According to the Great Synaxaristes, the martyrs were Coïntas (Quintus), Mitras, Nemesion, Ptolemy, Theophilos, Igenis, Isidoros, Claudius, Epimachus, Eutropios, Zenon, Heron, Ammon, Atir, Besas, Dioskouros, Alexander, Cronion, Julian, Macarius and 13 other martyrs.
Coïntas (Quintus) and Mitras were tortured and then killed by having boiled lime poured over them; Nemesios and Ptolemy were cruelly tortured and ultimately beheaded; and of the remaining witnesses, some were burned alive and others were beheaded.

==Monks of Ramsgate account==

The Monks of Ramsgate wrote in their Book of Saints (1921),

Macarius and Others (SS.) MM. (Oct. 30)
(3rd cent.) On October 30 the Roman Martryology notes a special festival, kept in honour of the thirteen Martyrs who suffered (it would seem) at Alexandria, together with a Saint Macarius, under the Emperor Decius (A.D. 250). Tradition has preserved the names of three among them, Eunus, Julian and Justus.
Julian, Eunus, Macarius and Others (SS.) MM. (Oct. 30)
(3rd cent.) Martyrs in the Decian persecution (A.D. 250) at Alexandria in Egypt. The Greeks commemorate them together, to the number of sixteen, on this day; but so far as can be ascertained, they are identical with others of the same name registered in the Roman Martyrology on various days; SS. Julian and Eunus on Feb. 17; St. Macarius on Dec. 8, etc.
Julian and Eunus (SS.) MM. (Feb. 27)
(3rd cent.) Martyrs at Alexandria in Egypt under Decius (A.D. 250). Julian, too infirm to walk, was carried to the Court of Justice by his two slaves. They were both Christians; but through fear one of them apostatised, while the other, Eunus, bravely shared his master’s lot. They were scourged and then burned to death. Besas, a soldier in guard over them, was condemned and executed merely for having sought to shield them from the insults and outrages of the heathen mob. We have these particulars from Saint Denis of Alexandria, a contemporary and their own Bishop.

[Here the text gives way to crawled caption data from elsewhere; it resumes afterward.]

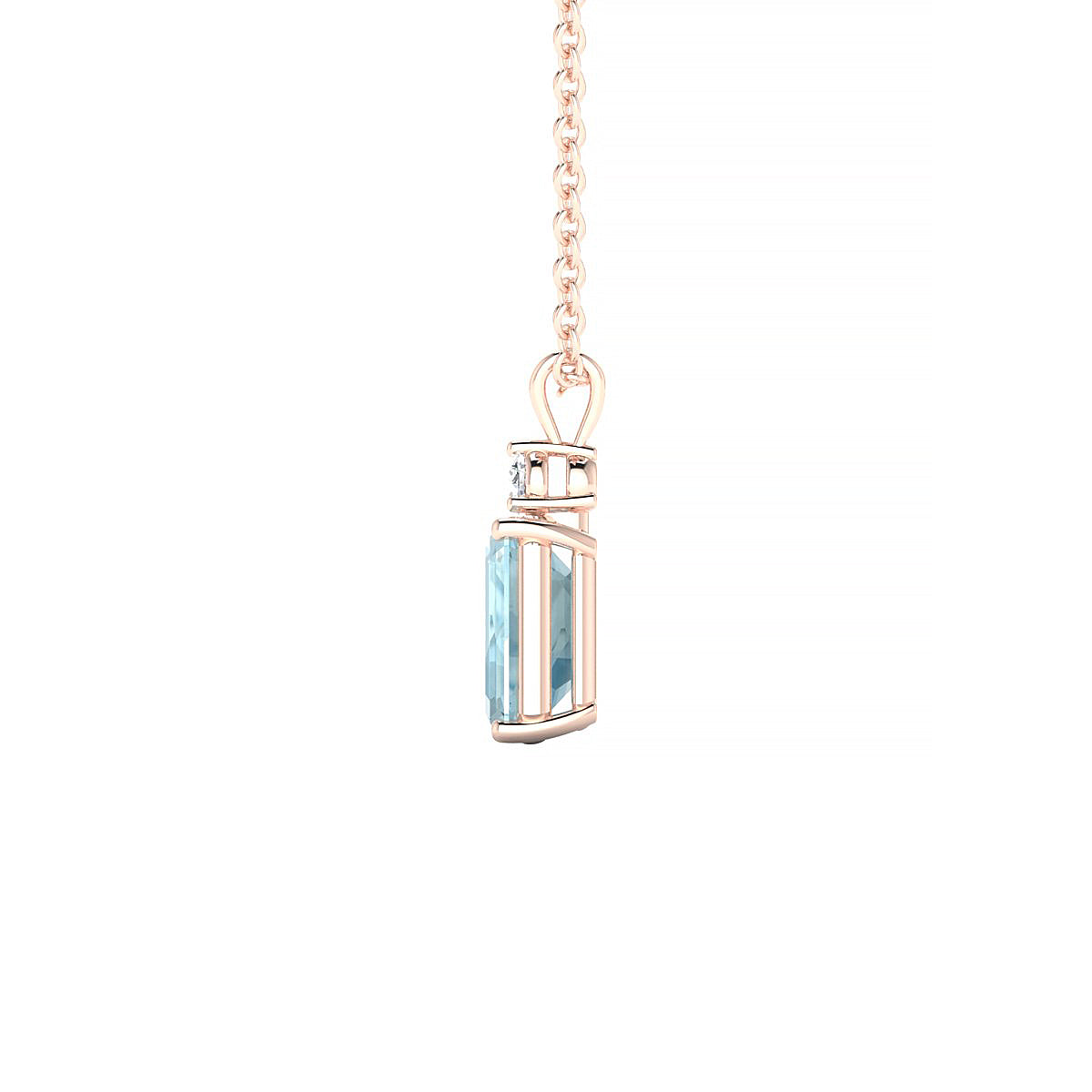 Sparkle | 18k Rose Gold 7 x 5 mm Emerald Aquamarine Pendant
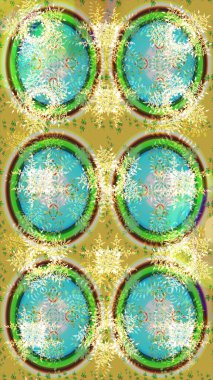 Kış konsepti Düz yatıyordu. Yeşil, sarı ve nötr renklerde kar tanelerinden oluşan kış deseni. Raster illüstrasyonu.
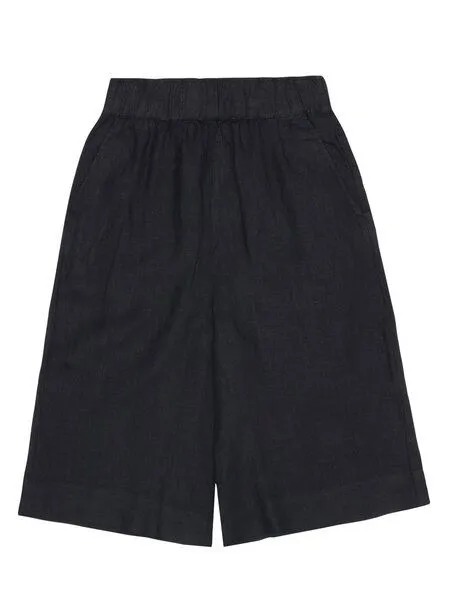KnowledgeCotton Apparel KnowledgeCotton Apparel EVE Culotte hohe Leinen-Shorts - GOTS/Vegan, Schwarz black (black jet), – Produktbild 2 von 2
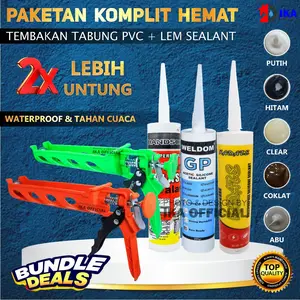 PAKET Tembakan Lem Tabung Besi Tebal + Lem Kaca Botol / Paket Tembakan Tulang Lem Sealant dengan Perekat Dextone Serbaguna Termurah Berkualitas Jabodetabek / Paket Gun+Lem Silikon ELLPRO HD 58 High Density Silicone Glass/Wallpanel-Batten/UPVC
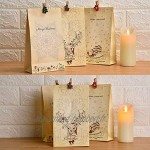 Ulikey 24 Sac Cadeau de Noël Kraft Papier Calendrier de l'Avent Sac + 24 Autocollants + 24 Clip Sac de Bonbons Sachets pour Cadeaux de Noël Mariage ou Anniversaire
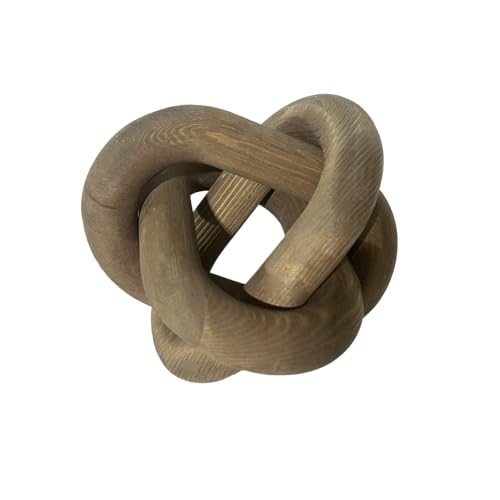 Wood Knot Decor -Coffee Table Decor Shelf Decor Table Books Hand Carved Home Decoration Boho Country Rustic Modern Shabby Chic Style Decor 3 Link Wooden Knot Chain Link Decor (Brown) - color: Brown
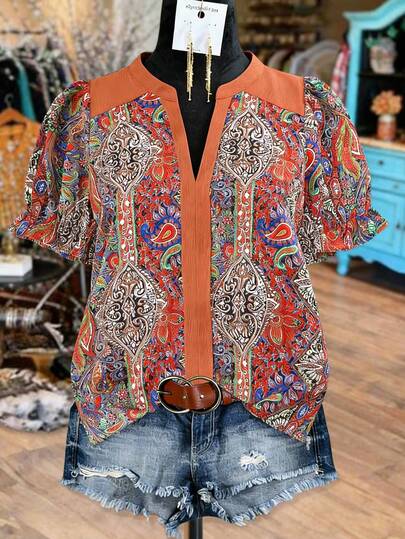 Linhara Blusa de lino con estampado retro, tipo parche, elegante, para vacaciones, festivales de música, estilo vaquero, para talla grande, primavera/verano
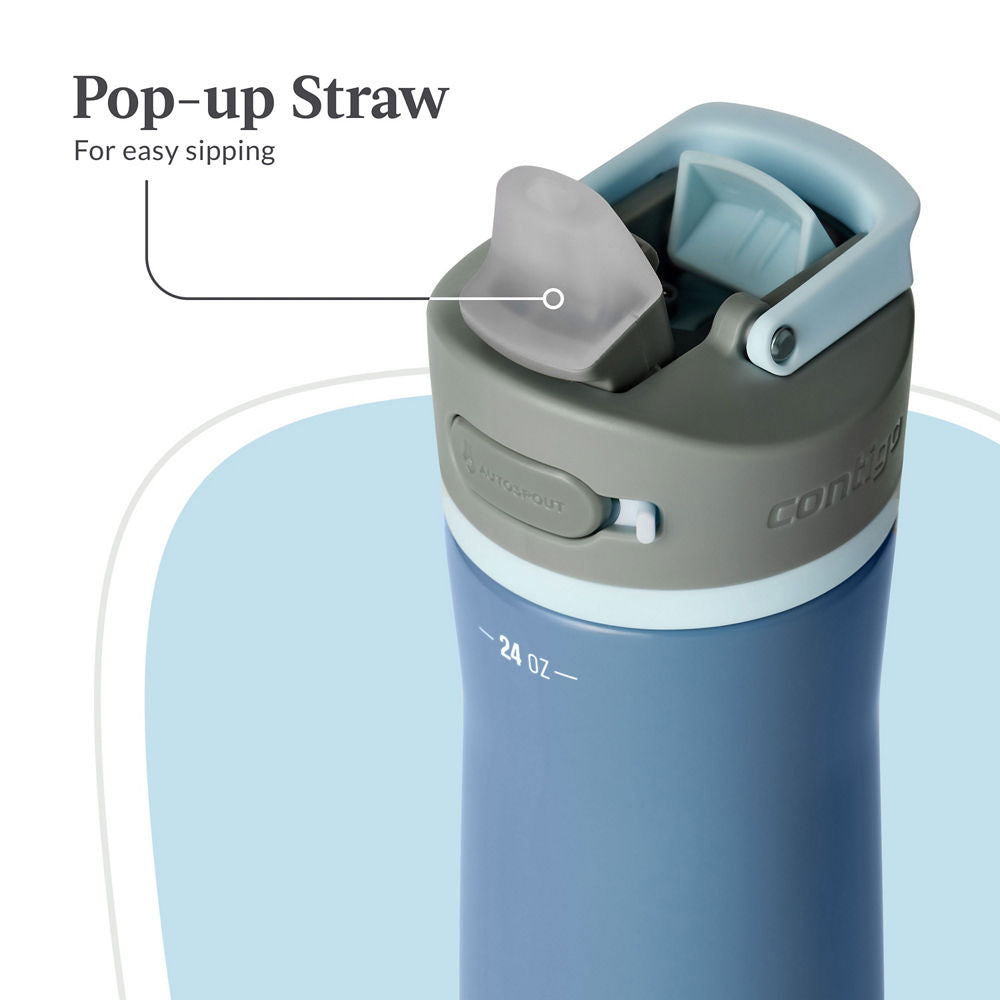 Contigo® Wells Chill Stainless Steel Filter Water Bottle with AUTOSPOUT® Straw Lid and Replacement Filter, 24 Oz. - Dark Ice & Purity - image 6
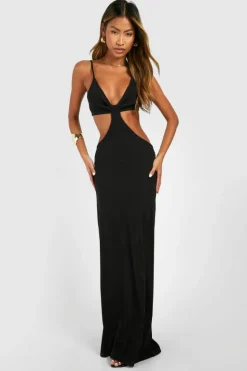 Bodycon Dresses|Maxi Dresses*boohoo Cut Out Rib Strappy Maxi Dress black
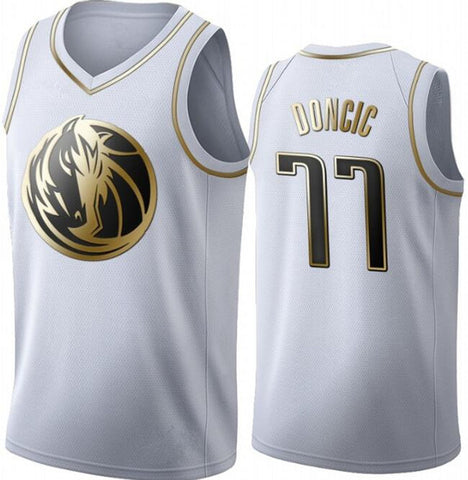 Dallas Mavericks - Luka Doncic - Golden NBA Edition White Basketball Jersey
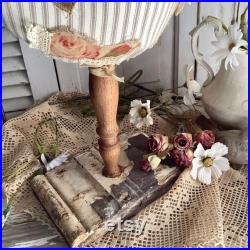 Dress Form Antique Lace Floral Ticking 27 T Spindle Plinth Block Base Shabby White Cottage Antique Vintage Farmhouse Home Decor Handmade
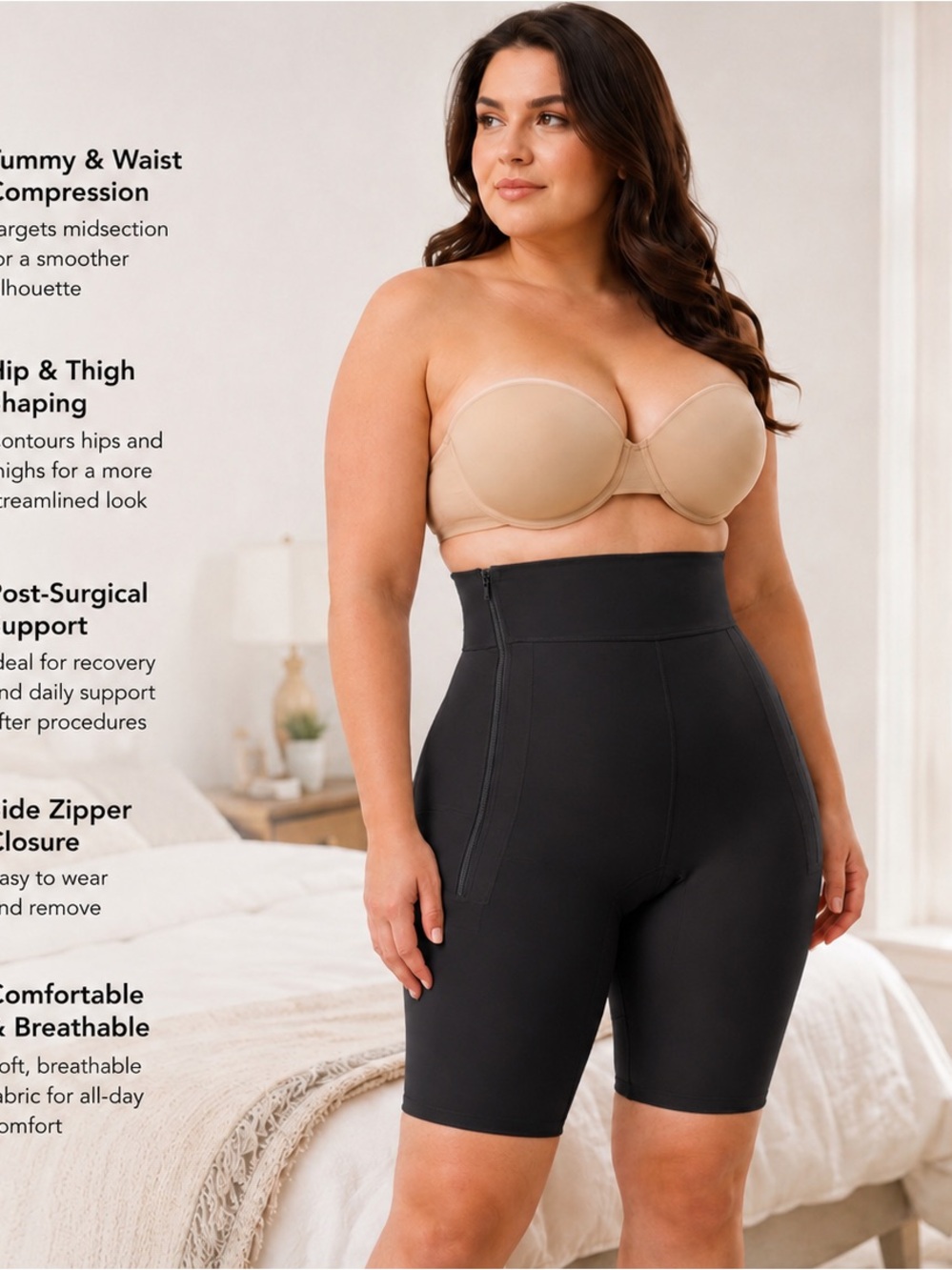 Isavela GR07 High Waist Ankle Length Compression Girdle XL Beige Zip Post Op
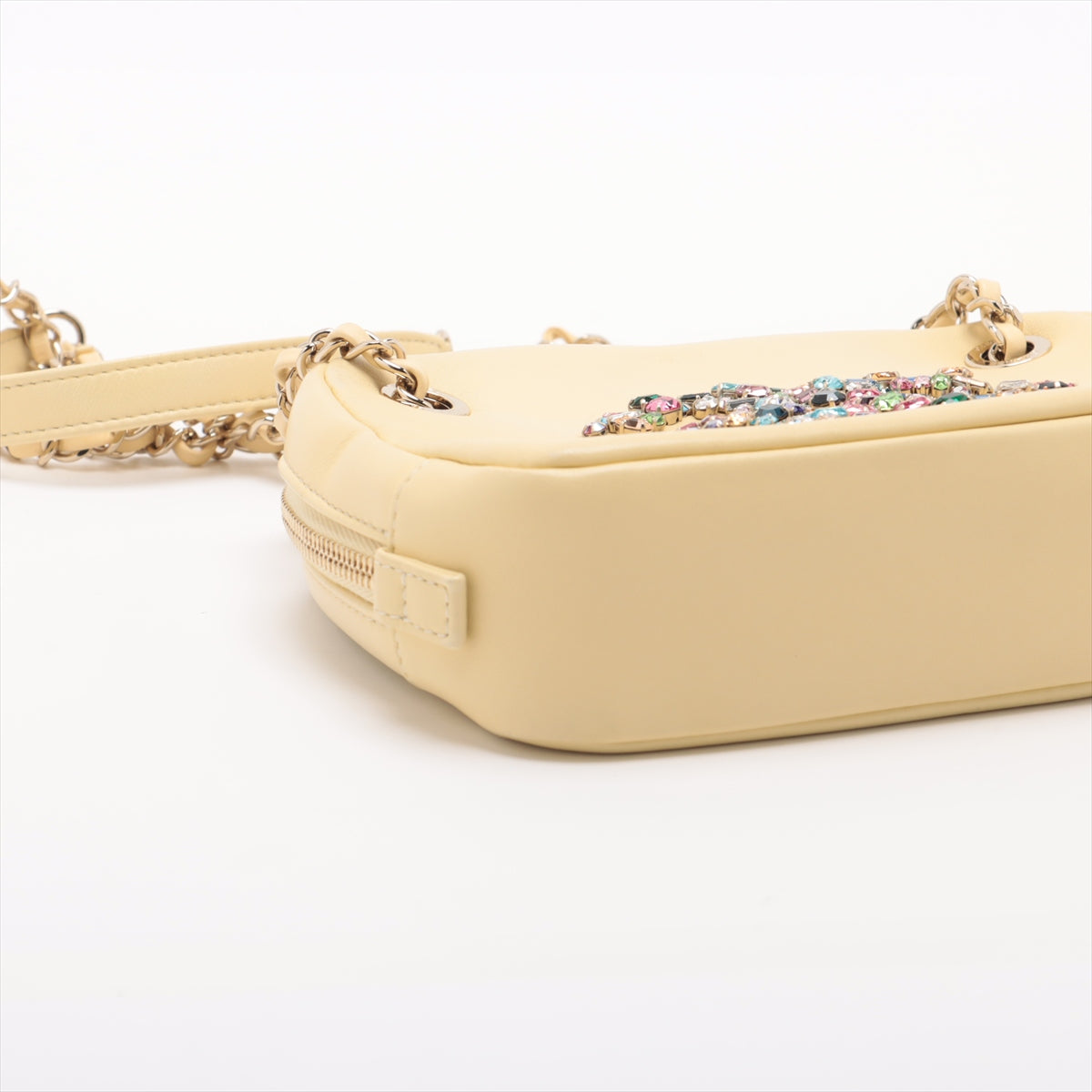 Chanel Multicolor Rhinestone CC Logo Lambskin Chain Shoulder Bag Butter Yellow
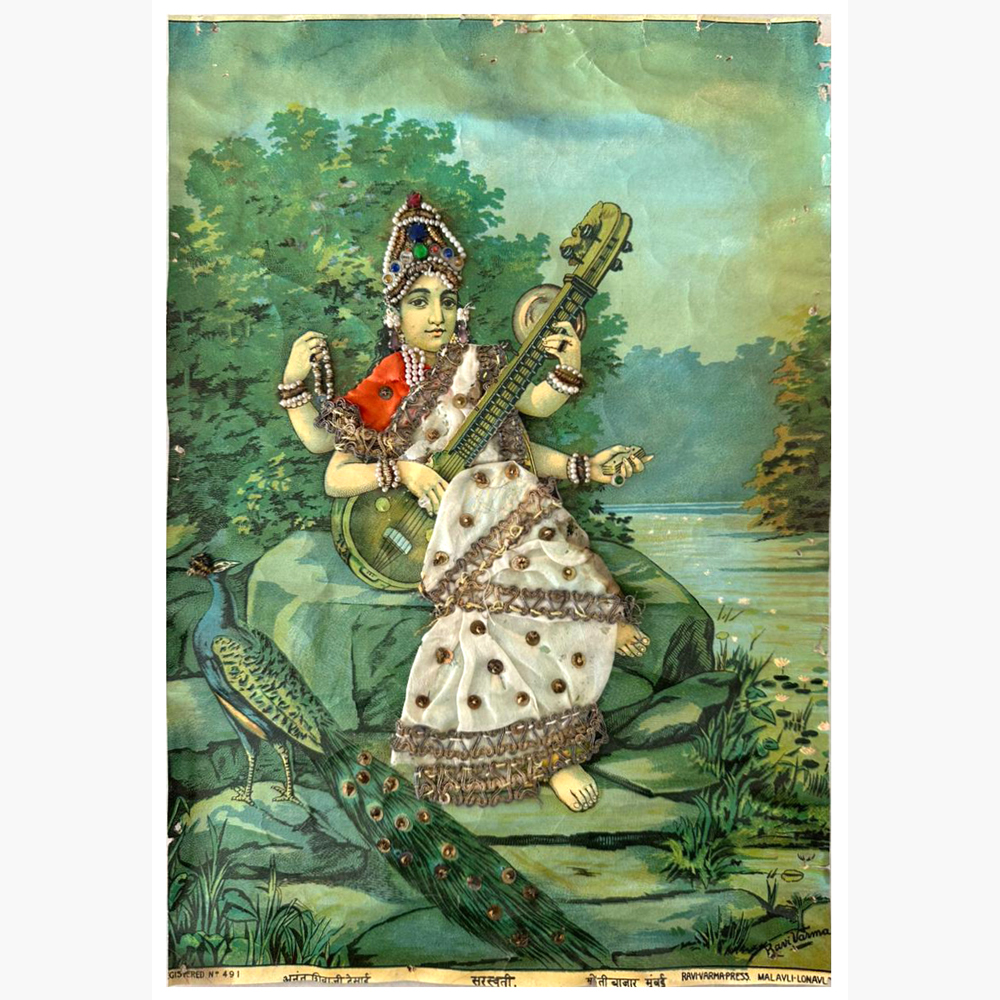 Elegant Saraswati 9 Oleograph – Goddess of Wisdom Art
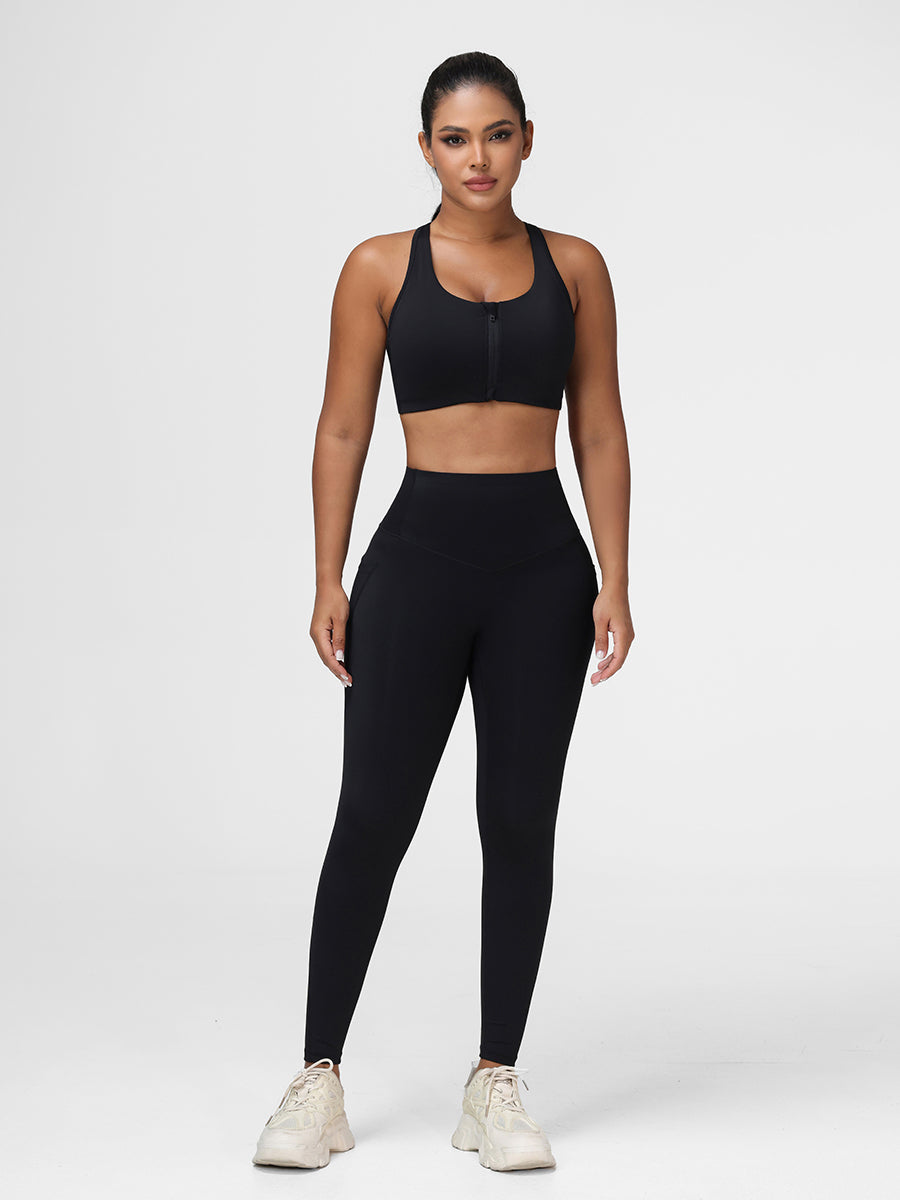 Zip-Front Sports Bra & Butt-Lifting Leggings Set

==Baring-Gould's account==

Sabine Baring-Gould (1834–1924) in his Lives Of The Saints wrote under February 27,

SS. Julian, Chronion, and Besas, MM. (A.D. 250.)

[Roman Martyrology; but some on Feb. 19th; by the Greeks on Oct. 30th. Authority:—The contemporary letters by Dionysius, B. of Alexandria, to Germanus, quoted by Eusebius, Hist. Eccles. vi., c. 41.]

SAINT DIONYSIUS, bishop of Alexandria, in a letter describing the sufferings of his church during the persecutions of Decius, after having lamented the apostacy of some, adds: "But others remained firm and blessed pillars of the Lord, confirmed by the Lord himself, and receiving of Him strength suited to their measure of faith, proved admirable witnesses of His kingdom. The first of these was Julian, a man afflicted with the gout, neither able to walk nor to stand, who, with two others that carried him, was arraigned. Of these, the one immediately denied his faith, but the other, named Chronion, surnamed Eunus, and the aged Julian himself, having confessed the Lord, were carried on camels through the whole city, a very large one, as you know, and were scourged, and finally consumed in an immense fire, in the midst of a crowd of spectators. But a soldier, named Besas, standing near, having opposed the insolence of the multitude whilst these martyrs were on the way to execution, was assailed by them with loud shouts, and this brave soldier of God, after he had excelled in the great conflict of piety, was beheaded."

Relics at Autun.

==Butler's account==

The hagiographer Alban Butler (1710–1773) wrote in his Lives of the Fathers, Martyrs, and Other Principal Saints under February 27,

SS. Julian, Chronion, and Besas, MM.

WHEN the persecution of Decius filled the city of Alexandria with dread and terror, many, especially among the nobles, the rich, and those who held any places in the state, sacrificed to idols, but pale and trembling, so as to show they had neither courage to die, nor heart to sacrifice. Several generous soldiers repaired the scandal given by these cowards. Julian who was grievously afflicted with the gout, and one of his servants, called Chronion, were set on the backs of camels, and cruelly scourged through the whole city, and at length were consumed by fire. Besas, a soldier, was beheaded. See St. Dionysius of Alex, in Eusebius, l. 6. c. 41. ed Val.